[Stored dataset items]
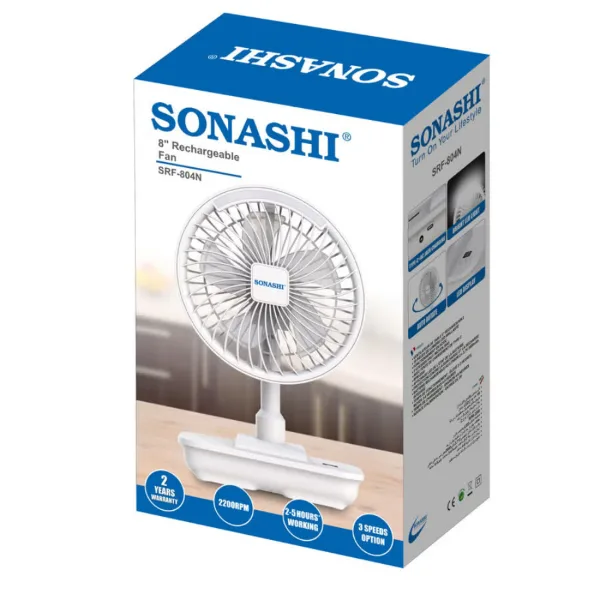 پنکه شارژی سوناشی مدل SRF-804N ظرفیت 4000 میلیآمپر ساعت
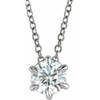 Lab Grown Diamond Necklace in 14 Karat  Gold 0.50 Carat Lab Grown Diamond Solitaire 16 inch Necklace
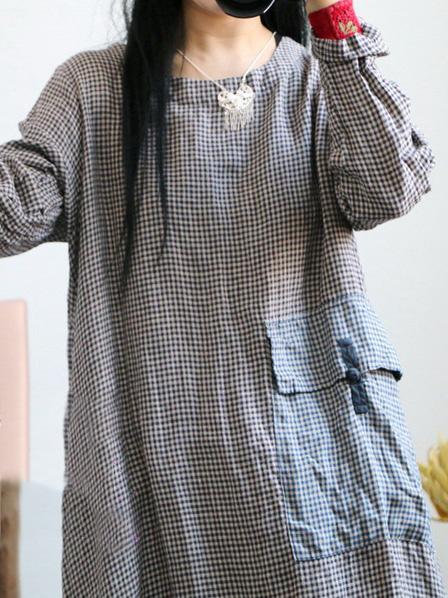 Loose Vintage Linen Plaid Round-neck Long Dress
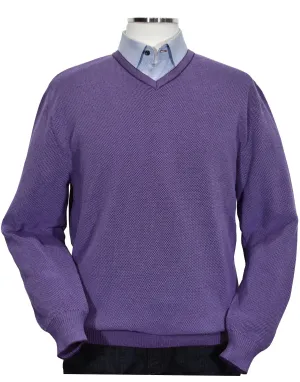 300 Plum Popcorn Stitch Sweater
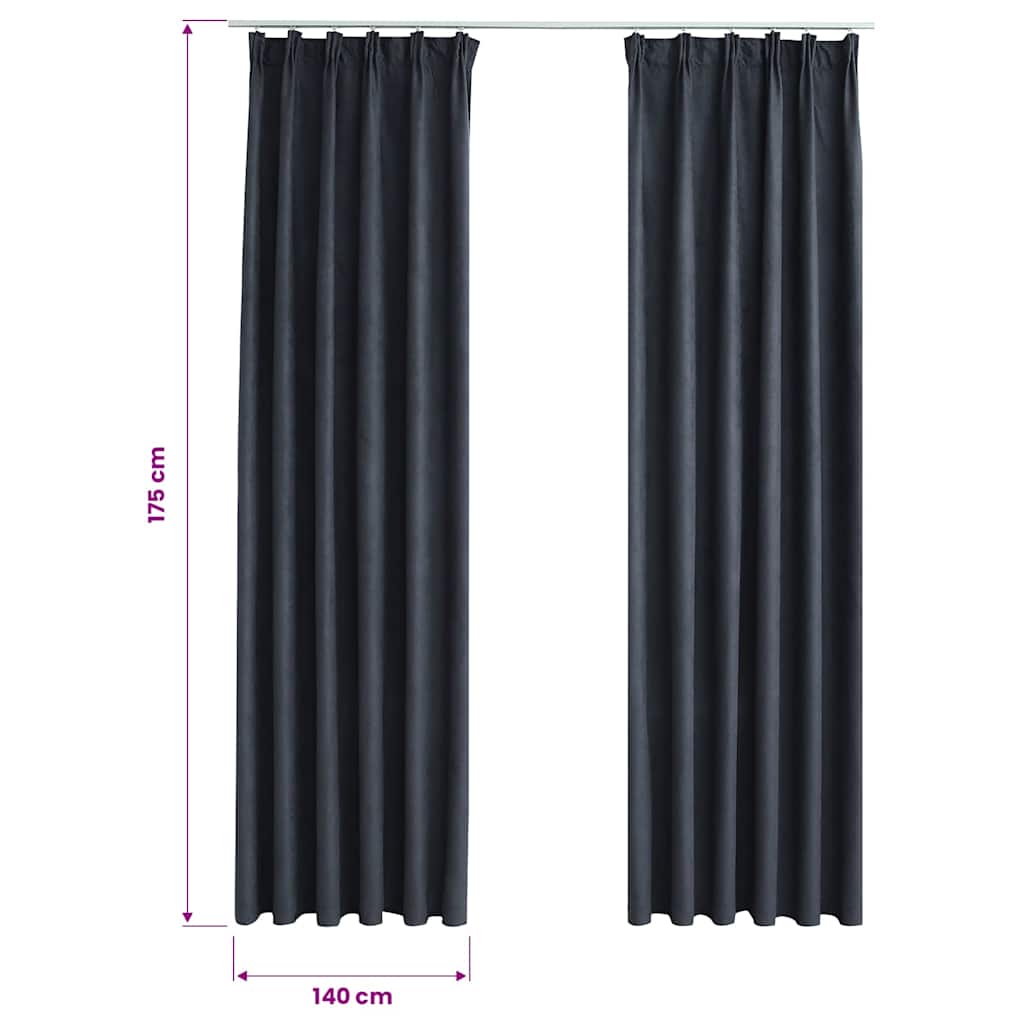 Blackout Curtains with Hooks 2 pcs Anthracite 140x175 cm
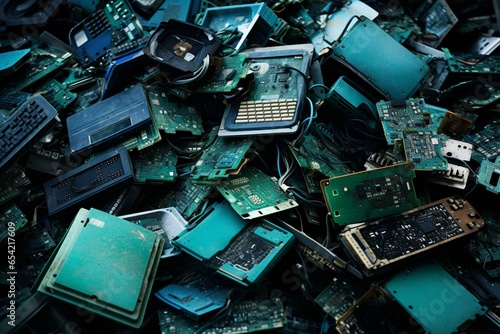 Heap of electronic waste for recycling, emphasizing need for proper management and recycling. Generative AI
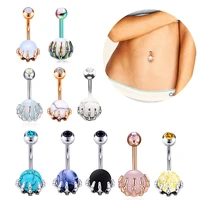 1pc skull hand ball drill bit belly button nail belly button button turquoise acrylic ball rose gold opal personalized jewelry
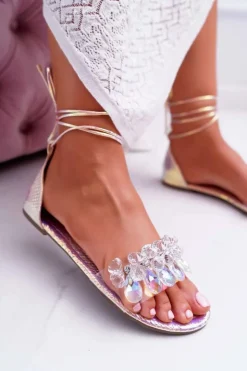 Boto Sandały Płaskie*Damskie Sandały Lu Boo Kryształy Różowe Madina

Activity: Repeat the data word for word; drop the pictures.

Reply:
 پنکه شارژی سوناشی مدل SRF-804N ظرفیت 4000 میلیآمپر ساعت
 Lab Grown Diamond Necklace in 14 Karat  Gold 0.50 Carat Lab Grown Diamond Solitaire 16 inch Necklace
 Loose Vintage Linen Plaid Round-neck Long Dress
 300 Plum Popcorn Stitch Sweater
 Blackout Curtains with Hooks 2 pcs Anthracite 140x175 cm
 Heap of electronic waste for recycling, emphasizing need for proper management and recycling. Generative AI
 1pc skull hand ball drill bit belly button nail belly button button turquoise acrylic ball rose gold opal personalized jewelry
 Boto Sandały Płaskie*Damskie Sandały Lu Boo Kryształy Różowe Madina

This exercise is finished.